▶ [Provided records]:
- Opening Delimiter -
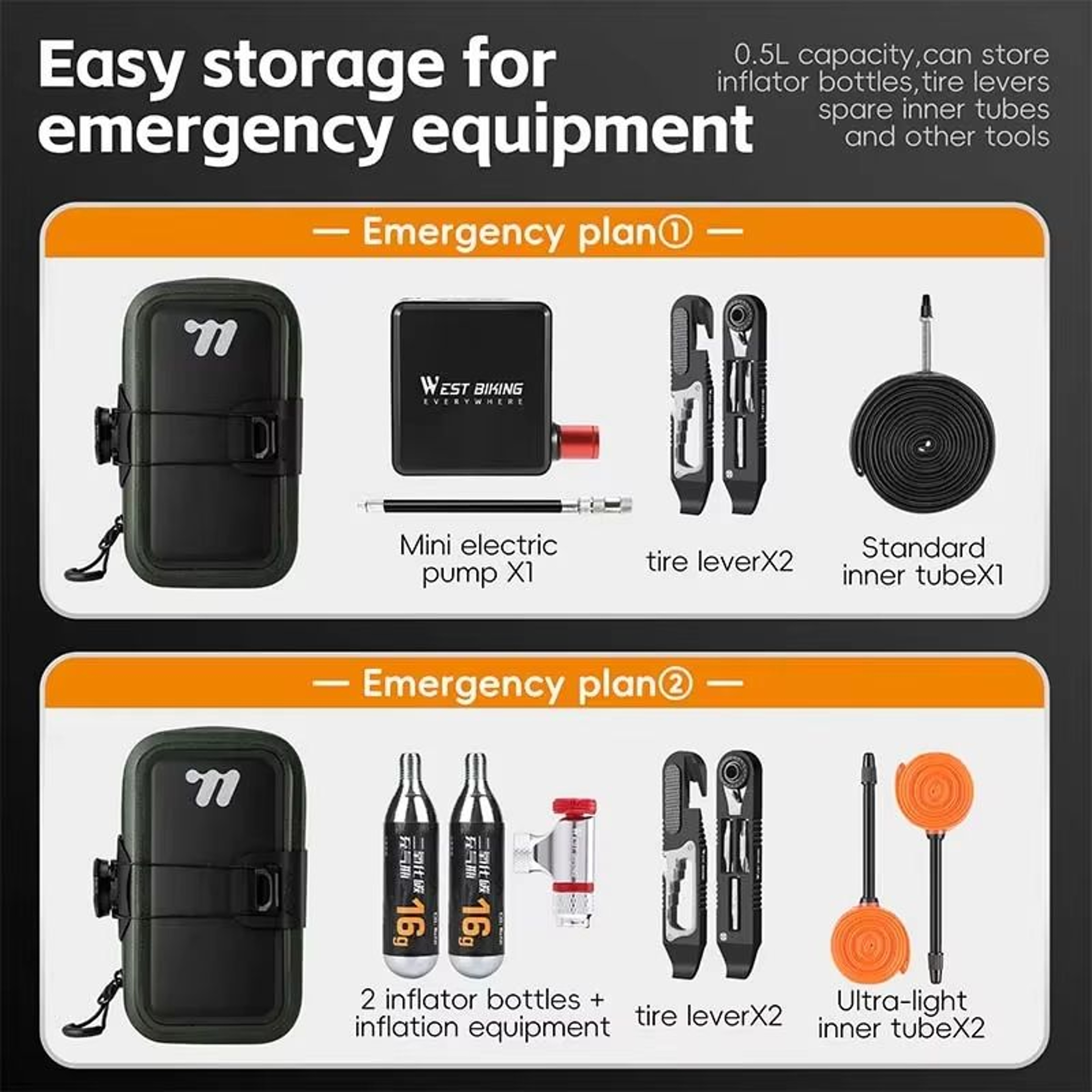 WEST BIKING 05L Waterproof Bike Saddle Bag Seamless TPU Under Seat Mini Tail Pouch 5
- Closing Delimiter -
- Opening Delimiter -
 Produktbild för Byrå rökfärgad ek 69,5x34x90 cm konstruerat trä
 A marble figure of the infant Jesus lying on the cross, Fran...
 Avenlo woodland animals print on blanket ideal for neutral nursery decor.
- Closing Delimiter -
▶ [Task brief]: Retype exactly the lines of the data above that fall between the line with "A marble figure" and the line with "Avenlo woodland animals", inclusive, and add nothing.

▶ [Solution to this task]:
 A marble figure of the infant Jesus lying on the cross, Fran...
 Avenlo woodland animals print on blanket ideal for neutral nursery decor.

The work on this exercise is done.